Equal Justice for All: SCOTUS Says No Special Burden for Disabled Students in Discrimination Lawsuits

— How One Unanimous Decision Could Reshape Disability Rights in Education Law

In a landmark unanimous ruling on June 13, 2025, the U.S. Supreme Court made a powerful statement in defense of equal protection under federal disability law, reaffirming that students with disabilities are entitled to the same legal standards as any other individual under anti-discrimination statutes.

The case, A.J.T. v. Osseo Area Schools, asked a deceptively simple question with profound implications: Do students with disabilities face a tougher legal standard when suing schools for discrimination than others do in non-educational settings?

In a decisive 9-0 opinion authored by Chief Justice John Roberts, the Court said no—reiterating that public schools are not immune from standard anti-discrimination law simply because education is involved.


The Legal Framework: Discrimination & Disability Rights in Education

At the heart of the dispute were two pivotal federal laws:

  • Section 504 of the Rehabilitation Act of 1973
  • Title II of the Americans with Disabilities Act (ADA)

Together, these statutes prohibit discrimination “on the basis of disability” by public institutions—including public schools.

They operate alongside the Individuals with Disabilities Education Act (IDEA), which specifically governs how schools provide tailored services (via Individualized Education Programs, or IEPs) to children with disabilities.

Historically, lower federal courts often required plaintiffs in education-related cases to meet a higher standard—namely, showing intentional discrimination—to recover damages, whereas in other settings, deliberate indifference was enough. This effectively made it harder for children in public schools to win damages than adults in similar situations.


SCOTUS Delivers a Unified Answer

Chief Justice Roberts dispelled that double standard once and for all. Writing for the full Court, he ruled that claims of discrimination in schools should be evaluated using the same legal thresholds applied outside of the educational context.

Roberts emphasized that the statutory language is unambiguous.
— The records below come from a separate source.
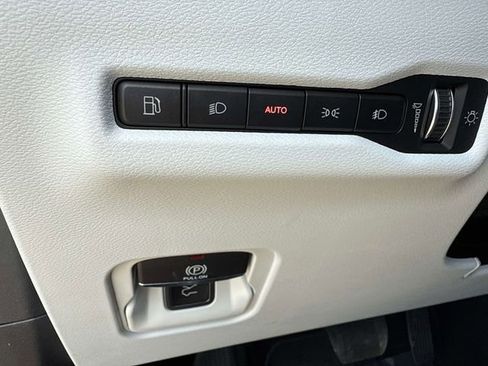 New 2026 Jeep Cherokee Overland AWD/4WD image 32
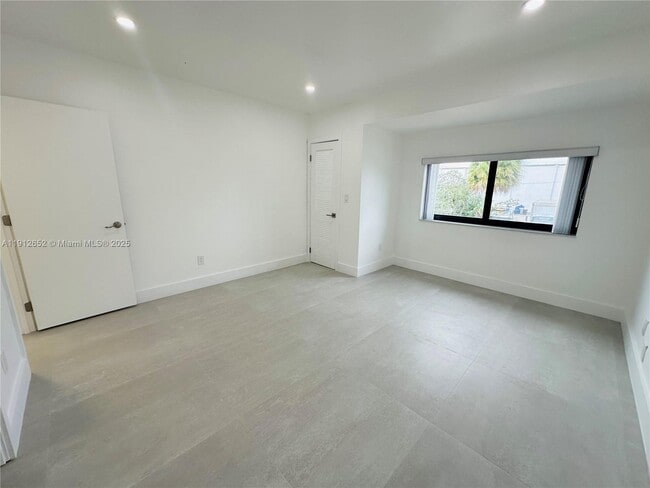 Building Photo - 7157 W 19th Ct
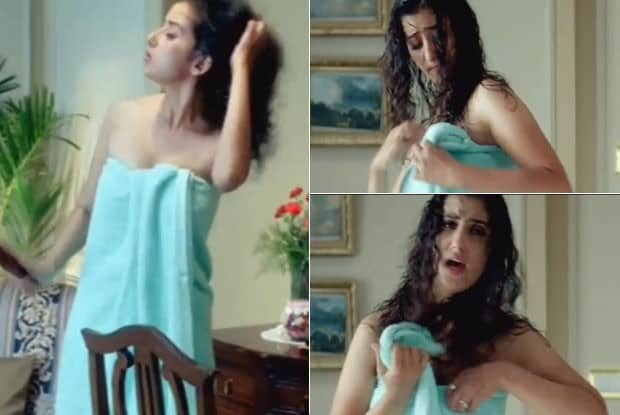 মণীশা কৈরালা-আমির খান অভিনীত ‘মন’ ছবিতে দেখা গিয়েছিল অভিনেত্রীকে তোয়ালে পরা অবস্থায় একটি দৃশ্যে ৷ সেখানে দেখা গিয়েছে ওয়াশরুম থেকে বেরনোর পরেই হঠাৎ আমির খান দাঁড়িয়ে ৷ তাঁকে দেখেই চিৎকার করে ওঠেন অভিনেত্রী ৷ মণীশা কৈরালা-আমির খান অভিনীত ‘মন’ ছবিতে দেখা গিয়েছিল অভিনেত্রীকে তোয়ালে পরা অবস্থায় একটি দৃশ্যে ৷ সেখানে দেখা গিয়েছে ওয়াশরুম থেকে বেরনোর পরেই হঠাৎ আমির খান দাঁড়িয়ে ৷ তাঁকে দেখেই চিৎকার করে ওঠেন অভিনেত্রী ৷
The laws grant protections to “any person,” a term he called “expansive and unqualified,” meaning it covers every person with a disability—students included—without distinction.

In other words, a disabled child alleging discrimination by a school district does not need to show the school acted with “bad faith” or “malicious intent” to seek relief under the ADA or Section 504. The same deliberate indifference standard applies.
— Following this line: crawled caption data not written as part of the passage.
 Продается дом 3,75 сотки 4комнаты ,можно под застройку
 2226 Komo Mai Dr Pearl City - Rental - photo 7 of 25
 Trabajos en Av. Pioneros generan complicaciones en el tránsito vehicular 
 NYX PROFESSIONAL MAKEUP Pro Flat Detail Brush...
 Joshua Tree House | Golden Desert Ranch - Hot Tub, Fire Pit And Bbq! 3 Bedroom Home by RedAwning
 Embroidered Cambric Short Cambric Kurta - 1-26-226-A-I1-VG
Where Lower Courts Got It Wrong

Lower courts had crafted a higher standard for students largely to reconcile conflicts between the ADA/Section 504 and the IDEA, which is more procedural in nature. Some circuits feared allowing damages for discrimination would undermine IDEA’s complex IEP dispute-resolution process.

But as Roberts explained, Congress already resolved that tension when it enacted Section 1415(l) of IDEA, which explicitly says nothing in IDEA limits or restricts relief available under other disability laws.
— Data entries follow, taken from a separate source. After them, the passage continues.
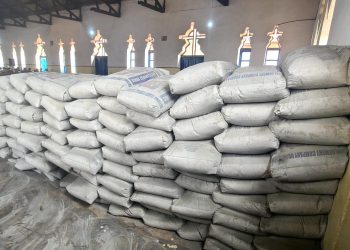 Construction d’un mur de soutènement à la S-P Vulumbi de l’EERA : l’orchestre “Lumière du Ciel” appuie les travaux avec 100 sacs de ciment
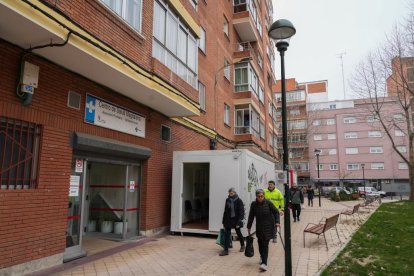 Barrio del Hospital. Centro de Salud Magdalena en la calle Nuestra Señora. - JUAN MIGUEL LOSTAU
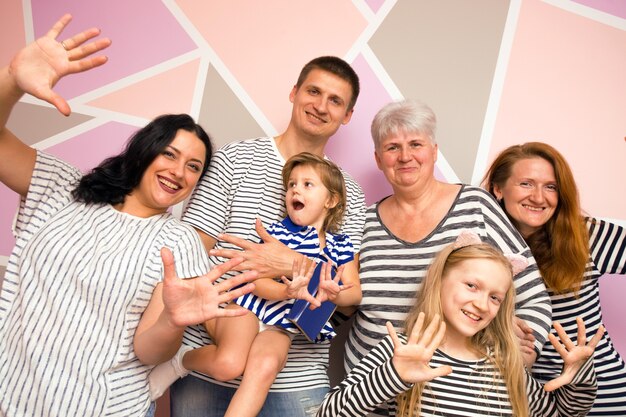 Gran familia feliz. madre con hija, hijo y nietas sobre un fondo brillante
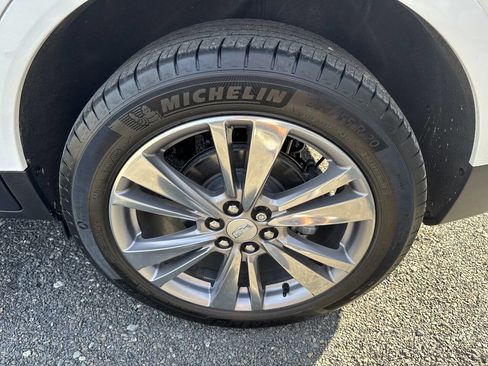 Used 2025 Cadillac XT5 Premium Luxury image 42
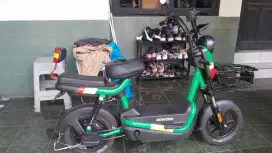 For sale sepeda listrik merk selis baru sebulan pemakaian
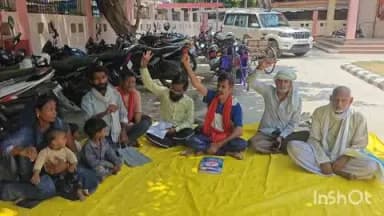बिंदकी: बिंदकी कस्बे के तहसील में विभिन्न समस्याओं को लेकर अमर शहीद चंद्रशेखर आजाद दिव्यांग कल्याण समिति ने किया धरना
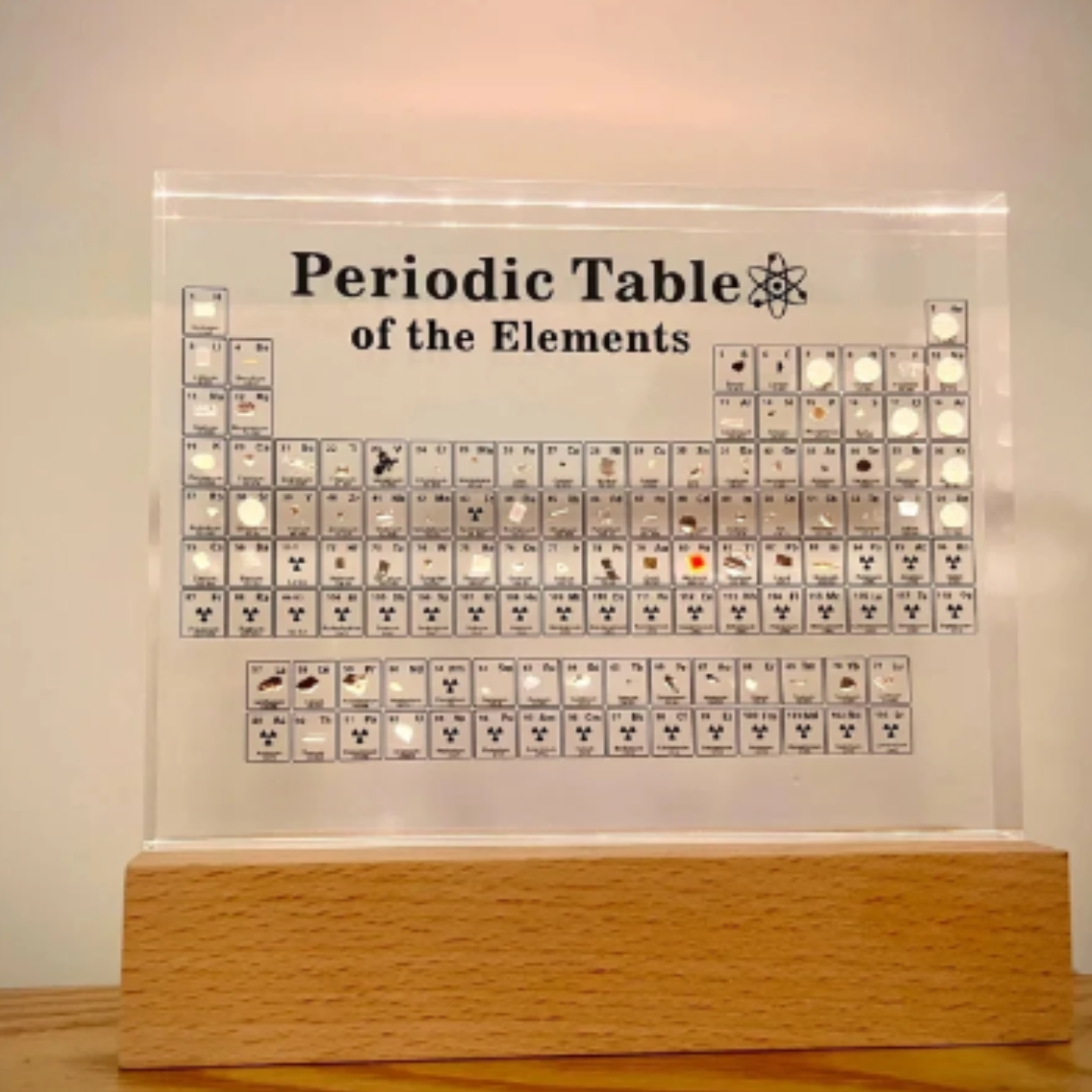 実物周期表｜透明感の高いアクリルガラス製で、放射性のある元素を除く、合計83種の元素の実物を埋め込んでいます。|undefined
In short: IDEA may govern how schools must accommodate, but the ADA and Rehabilitation Act govern whether discrimination occurred—and Congress meant for both avenues to remain open.


Concurring Opinions Reveal Deeper Divisions

Though the opinion was unanimous, two notable concurrences revealed ideological cracks in the Court’s long-term approach to disability law.

  • Justice Clarence Thomas, joined by Justice Brett Kavanaugh, expressed concern over liability without proving intent, signaling skepticism toward the idea that schools could be punished for mere indifference.
  • In contrast, Justice Sonia Sotomayor, joined by Justice Ketanji Brown Jackson, emphasized the historical and civil rights motivations behind disability law. She warned that inserting an intent requirement into civil enforcement would gut the very heart of these protections.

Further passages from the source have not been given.